19 de julho de 2024

Física-matemática e metafísica


A necessidade da metafísica

Jacques Maritain, mais especificamente sua obra The Degrees of Knowledge (que será alvo de estudo nosso em breve), é a influência capital no pensamento do filósofo venezuelano Carlos Casanova. Usando diversos livros de filosofia da ciência como pontos de apoio para tecer seus comentários, torna-se um tanto difícil detectar precisamente seu pensamento acerca dessa disciplina.

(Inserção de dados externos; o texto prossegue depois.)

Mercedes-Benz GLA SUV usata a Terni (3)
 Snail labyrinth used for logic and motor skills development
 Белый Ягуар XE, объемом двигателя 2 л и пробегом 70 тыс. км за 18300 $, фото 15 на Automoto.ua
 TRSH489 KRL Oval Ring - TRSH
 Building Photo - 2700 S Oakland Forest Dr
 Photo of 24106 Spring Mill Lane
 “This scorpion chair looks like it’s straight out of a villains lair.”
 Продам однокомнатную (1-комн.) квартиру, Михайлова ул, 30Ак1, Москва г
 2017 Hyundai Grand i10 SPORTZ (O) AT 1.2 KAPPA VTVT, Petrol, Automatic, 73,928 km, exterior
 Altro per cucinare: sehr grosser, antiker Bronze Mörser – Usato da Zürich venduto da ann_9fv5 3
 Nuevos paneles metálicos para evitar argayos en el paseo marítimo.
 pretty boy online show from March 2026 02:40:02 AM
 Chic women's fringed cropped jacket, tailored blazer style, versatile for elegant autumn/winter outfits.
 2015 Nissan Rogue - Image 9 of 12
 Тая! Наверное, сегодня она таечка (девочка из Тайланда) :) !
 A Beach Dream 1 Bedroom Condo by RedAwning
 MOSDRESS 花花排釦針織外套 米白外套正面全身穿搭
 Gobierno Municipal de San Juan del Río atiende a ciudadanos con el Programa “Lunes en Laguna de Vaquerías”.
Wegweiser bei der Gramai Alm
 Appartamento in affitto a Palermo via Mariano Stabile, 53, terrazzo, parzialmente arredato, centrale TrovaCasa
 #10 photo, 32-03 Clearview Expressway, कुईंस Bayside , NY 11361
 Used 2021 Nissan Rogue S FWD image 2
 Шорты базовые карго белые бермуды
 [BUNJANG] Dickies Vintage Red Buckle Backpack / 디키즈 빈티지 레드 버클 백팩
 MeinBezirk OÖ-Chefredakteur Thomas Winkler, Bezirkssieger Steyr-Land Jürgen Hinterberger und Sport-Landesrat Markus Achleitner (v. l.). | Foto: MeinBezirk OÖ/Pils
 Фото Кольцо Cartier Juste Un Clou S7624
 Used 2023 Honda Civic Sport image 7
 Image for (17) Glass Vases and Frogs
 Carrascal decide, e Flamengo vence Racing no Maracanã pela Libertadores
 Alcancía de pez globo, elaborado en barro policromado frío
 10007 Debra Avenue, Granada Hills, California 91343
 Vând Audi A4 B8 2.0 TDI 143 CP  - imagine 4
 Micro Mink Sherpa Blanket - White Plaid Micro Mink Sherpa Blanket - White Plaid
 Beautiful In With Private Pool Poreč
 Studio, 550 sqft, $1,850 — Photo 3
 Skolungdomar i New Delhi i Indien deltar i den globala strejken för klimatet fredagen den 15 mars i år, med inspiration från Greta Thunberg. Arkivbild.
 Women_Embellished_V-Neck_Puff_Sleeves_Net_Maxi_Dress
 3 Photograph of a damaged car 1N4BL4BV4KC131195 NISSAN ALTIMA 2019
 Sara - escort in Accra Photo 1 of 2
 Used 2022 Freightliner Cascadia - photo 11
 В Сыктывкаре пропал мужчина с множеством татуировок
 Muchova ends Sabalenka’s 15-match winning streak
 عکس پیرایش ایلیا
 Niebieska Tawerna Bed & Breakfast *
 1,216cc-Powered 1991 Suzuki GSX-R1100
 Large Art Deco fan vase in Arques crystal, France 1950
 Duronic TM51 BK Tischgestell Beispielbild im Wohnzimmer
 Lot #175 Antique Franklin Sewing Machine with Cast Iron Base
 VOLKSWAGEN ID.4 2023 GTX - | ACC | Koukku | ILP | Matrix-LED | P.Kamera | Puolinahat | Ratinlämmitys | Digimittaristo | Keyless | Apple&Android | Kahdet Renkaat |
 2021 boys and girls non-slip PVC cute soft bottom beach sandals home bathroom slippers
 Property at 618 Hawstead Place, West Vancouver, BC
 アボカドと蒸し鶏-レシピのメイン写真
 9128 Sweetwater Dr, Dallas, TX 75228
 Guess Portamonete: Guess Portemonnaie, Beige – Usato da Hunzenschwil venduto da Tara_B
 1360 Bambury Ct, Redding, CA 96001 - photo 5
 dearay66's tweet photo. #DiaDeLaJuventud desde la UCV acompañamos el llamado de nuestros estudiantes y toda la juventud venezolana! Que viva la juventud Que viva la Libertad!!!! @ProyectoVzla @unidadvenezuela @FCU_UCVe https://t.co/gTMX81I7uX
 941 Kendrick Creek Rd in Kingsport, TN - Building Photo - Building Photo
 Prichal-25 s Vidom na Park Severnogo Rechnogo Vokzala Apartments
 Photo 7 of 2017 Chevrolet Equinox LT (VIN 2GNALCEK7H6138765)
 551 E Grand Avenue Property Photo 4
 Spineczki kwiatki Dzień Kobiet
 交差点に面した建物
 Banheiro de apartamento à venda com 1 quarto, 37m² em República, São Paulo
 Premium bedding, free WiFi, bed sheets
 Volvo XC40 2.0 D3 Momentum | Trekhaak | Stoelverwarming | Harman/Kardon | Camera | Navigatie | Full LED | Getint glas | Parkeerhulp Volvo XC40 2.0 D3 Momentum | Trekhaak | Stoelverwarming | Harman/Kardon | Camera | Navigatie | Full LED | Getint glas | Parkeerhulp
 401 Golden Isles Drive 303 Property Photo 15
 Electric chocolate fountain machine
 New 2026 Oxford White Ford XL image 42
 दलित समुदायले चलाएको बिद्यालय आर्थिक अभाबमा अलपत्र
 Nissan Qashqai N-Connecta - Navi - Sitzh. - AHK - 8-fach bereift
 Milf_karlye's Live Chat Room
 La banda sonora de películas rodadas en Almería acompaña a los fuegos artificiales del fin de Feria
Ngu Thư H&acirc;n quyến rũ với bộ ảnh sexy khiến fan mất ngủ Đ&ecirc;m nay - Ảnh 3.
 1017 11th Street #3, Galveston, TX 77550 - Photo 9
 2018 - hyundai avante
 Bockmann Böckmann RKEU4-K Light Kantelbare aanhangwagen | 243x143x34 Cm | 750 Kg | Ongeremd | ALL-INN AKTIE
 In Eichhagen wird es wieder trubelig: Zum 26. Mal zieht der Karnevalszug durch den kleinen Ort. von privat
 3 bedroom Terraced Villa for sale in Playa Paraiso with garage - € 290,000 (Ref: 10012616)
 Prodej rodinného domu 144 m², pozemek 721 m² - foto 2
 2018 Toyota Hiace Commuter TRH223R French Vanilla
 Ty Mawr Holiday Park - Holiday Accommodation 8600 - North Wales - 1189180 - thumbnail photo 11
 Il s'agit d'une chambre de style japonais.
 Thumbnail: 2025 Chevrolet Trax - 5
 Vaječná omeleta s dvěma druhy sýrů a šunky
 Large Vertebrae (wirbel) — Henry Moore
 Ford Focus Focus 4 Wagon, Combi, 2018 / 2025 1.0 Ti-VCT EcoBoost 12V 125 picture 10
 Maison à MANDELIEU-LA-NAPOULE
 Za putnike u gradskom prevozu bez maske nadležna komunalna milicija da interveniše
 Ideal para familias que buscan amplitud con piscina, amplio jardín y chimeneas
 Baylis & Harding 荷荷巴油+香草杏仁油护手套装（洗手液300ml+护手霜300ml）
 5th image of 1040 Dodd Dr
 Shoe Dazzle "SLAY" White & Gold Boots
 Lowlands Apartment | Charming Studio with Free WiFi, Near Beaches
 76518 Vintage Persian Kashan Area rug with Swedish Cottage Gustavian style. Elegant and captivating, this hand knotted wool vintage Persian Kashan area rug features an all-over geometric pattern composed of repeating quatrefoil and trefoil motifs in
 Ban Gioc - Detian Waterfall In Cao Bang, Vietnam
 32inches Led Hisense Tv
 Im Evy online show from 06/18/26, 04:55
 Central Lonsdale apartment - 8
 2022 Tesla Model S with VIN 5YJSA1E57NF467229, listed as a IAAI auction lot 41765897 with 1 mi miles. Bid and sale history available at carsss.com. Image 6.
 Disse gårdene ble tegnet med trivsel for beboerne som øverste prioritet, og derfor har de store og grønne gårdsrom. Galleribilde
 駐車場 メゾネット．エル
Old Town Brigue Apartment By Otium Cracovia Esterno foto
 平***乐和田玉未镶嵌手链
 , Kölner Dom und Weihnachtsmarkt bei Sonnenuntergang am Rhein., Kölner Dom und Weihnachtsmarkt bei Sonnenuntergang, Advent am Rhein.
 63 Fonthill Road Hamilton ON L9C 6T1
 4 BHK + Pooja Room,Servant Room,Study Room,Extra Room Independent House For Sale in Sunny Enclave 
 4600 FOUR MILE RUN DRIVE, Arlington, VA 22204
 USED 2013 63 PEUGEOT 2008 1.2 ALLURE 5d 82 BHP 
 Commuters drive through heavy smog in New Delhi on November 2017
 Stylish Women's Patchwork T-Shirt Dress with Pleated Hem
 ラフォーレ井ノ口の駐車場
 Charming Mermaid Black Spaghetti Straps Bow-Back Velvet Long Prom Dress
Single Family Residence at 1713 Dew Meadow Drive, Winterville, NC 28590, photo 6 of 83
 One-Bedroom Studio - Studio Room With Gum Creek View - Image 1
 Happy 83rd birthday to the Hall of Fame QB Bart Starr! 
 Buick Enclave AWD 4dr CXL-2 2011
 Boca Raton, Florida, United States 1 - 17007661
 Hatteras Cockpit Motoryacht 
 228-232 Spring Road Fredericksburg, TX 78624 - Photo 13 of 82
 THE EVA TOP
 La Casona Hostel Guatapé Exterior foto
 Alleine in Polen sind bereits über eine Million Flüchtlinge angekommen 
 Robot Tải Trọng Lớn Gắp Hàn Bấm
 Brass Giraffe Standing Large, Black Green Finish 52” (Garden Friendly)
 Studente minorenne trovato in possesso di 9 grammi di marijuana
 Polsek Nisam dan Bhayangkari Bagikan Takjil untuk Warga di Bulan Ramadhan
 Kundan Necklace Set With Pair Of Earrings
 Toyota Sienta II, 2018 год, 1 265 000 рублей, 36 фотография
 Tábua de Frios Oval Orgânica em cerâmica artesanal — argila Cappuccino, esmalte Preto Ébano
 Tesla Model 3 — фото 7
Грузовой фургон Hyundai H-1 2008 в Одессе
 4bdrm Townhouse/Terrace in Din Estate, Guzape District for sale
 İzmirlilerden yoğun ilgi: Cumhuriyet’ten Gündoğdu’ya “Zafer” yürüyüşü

De toda forma, o que procura fazer Casanova é superar o entendimento nominalista e mecanicista prevalente na filosofia da ciência, a qual considera falha, e estabelecer bases mais lúcidas e convincentes. A partir de Descartes, as normas ou “leis” que regem a natureza deixam de ser causas formais dos entes, que perdem, portanto, sua natureza. As coisas se reduzem ao que Casanova chama de “monturos” (i.e. montes de esterco) de res extensa. Mas então onde foram parar as leis da natureza? Para Newton, na própria res extensa; para Hume, as leis são hábitos da mente; para Kant, as leis são um acasalamento entre as categorias/formas e nossas experiências. Casanova, com Maritain em punhos, discorda de todos eles.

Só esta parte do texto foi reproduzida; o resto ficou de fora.